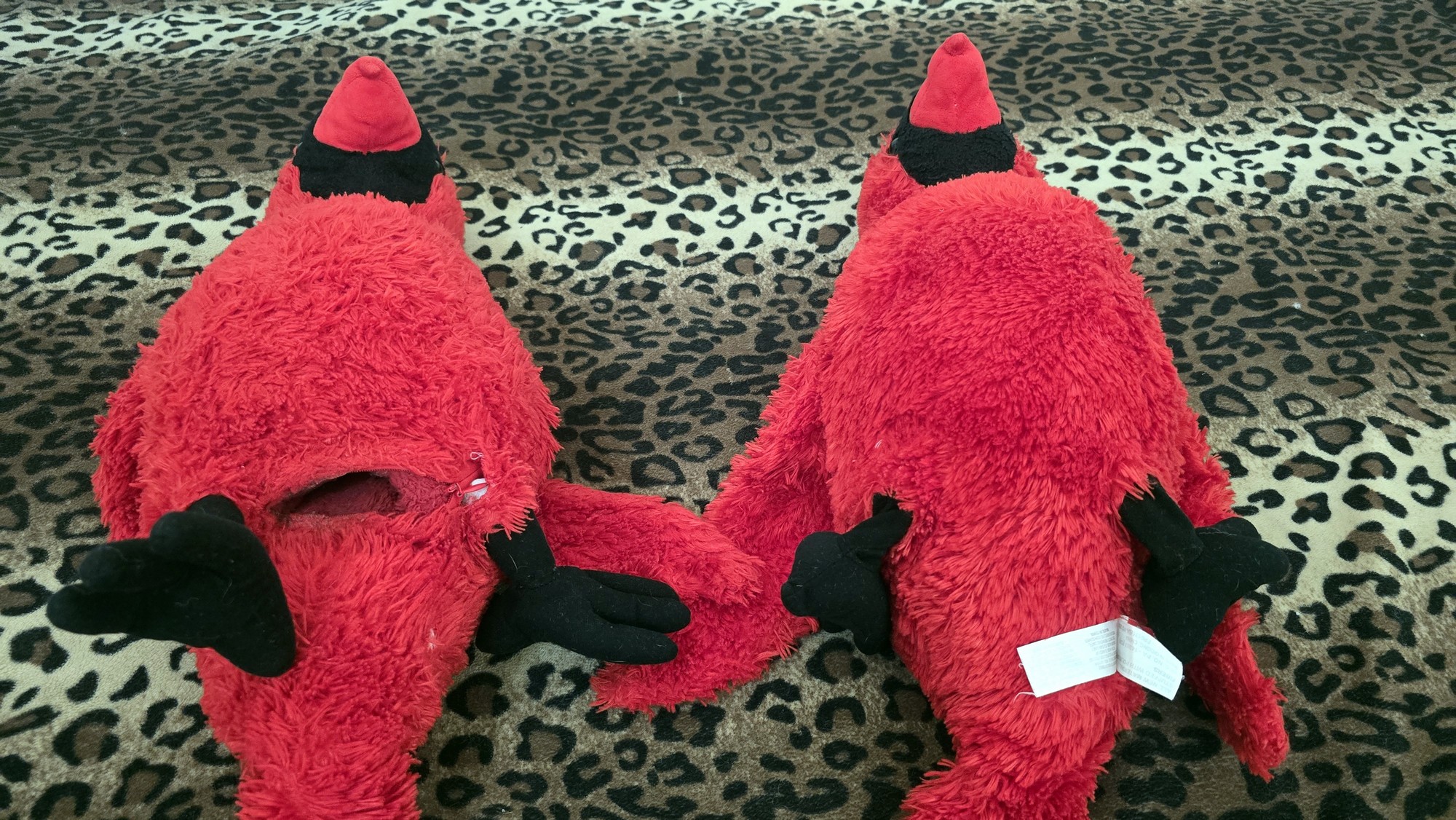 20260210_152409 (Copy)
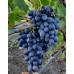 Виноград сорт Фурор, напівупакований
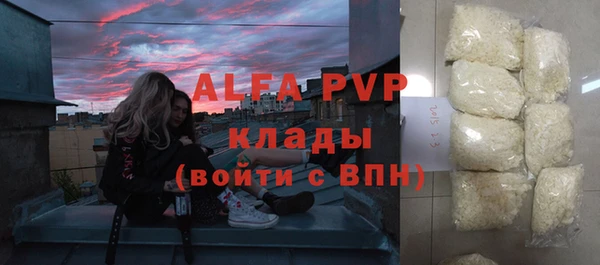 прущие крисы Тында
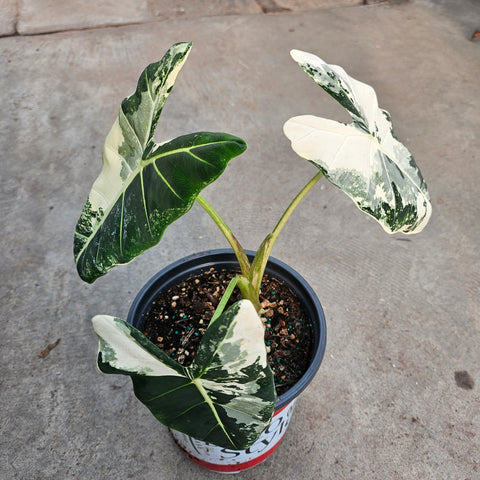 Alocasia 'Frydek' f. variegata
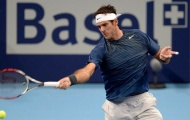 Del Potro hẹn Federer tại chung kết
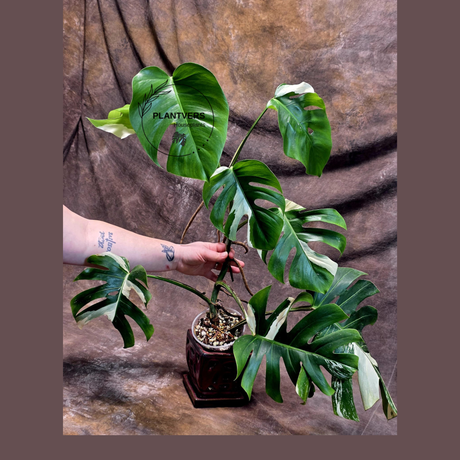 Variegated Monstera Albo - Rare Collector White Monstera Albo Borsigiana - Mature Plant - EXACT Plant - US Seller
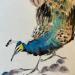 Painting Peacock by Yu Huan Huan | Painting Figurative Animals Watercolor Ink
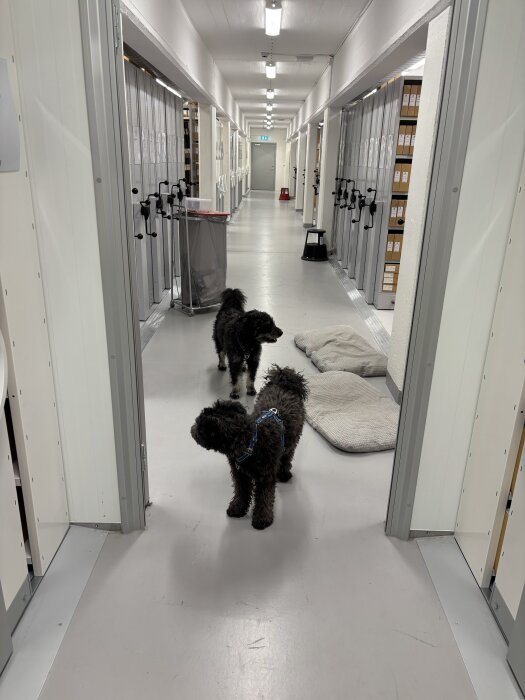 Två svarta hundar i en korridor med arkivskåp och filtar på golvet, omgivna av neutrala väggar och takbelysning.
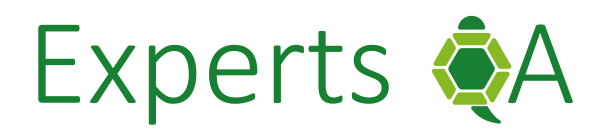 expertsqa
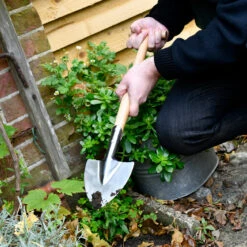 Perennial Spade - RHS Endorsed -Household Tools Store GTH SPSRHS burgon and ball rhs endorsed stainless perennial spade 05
====
-- EXERCISE DESCRIPTION --
Write out exactly the lines from the one containing "Виноград сорт Фурор, напівупакований" through the last line of the records above, both ends included, and leave out any pictures.

-- FINISHED TASK --
 Виноград сорт Фурор, напівупакований
 прущие крисы Тында
 Alocasia 'Frydek' f. variegata
 Del Potro hẹn Federer tại chung kết
 Variegated Monstera Albo - Rare Collector White Monstera Albo Borsigiana - Mature Plant - EXACT Plant - US Seller
 Painting Peacock by Yu Huan Huan | Painting Figurative Animals Watercolor Ink
 Två svarta hundar i en korridor med arkivskåp och filtar på golvet, omgivna av neutrala väggar och takbelysning.
 expertsqa
 Perennial Spade - RHS Endorsed -Household Tools Store GTH SPSRHS burgon and ball rhs endorsed stainless perennial spade 05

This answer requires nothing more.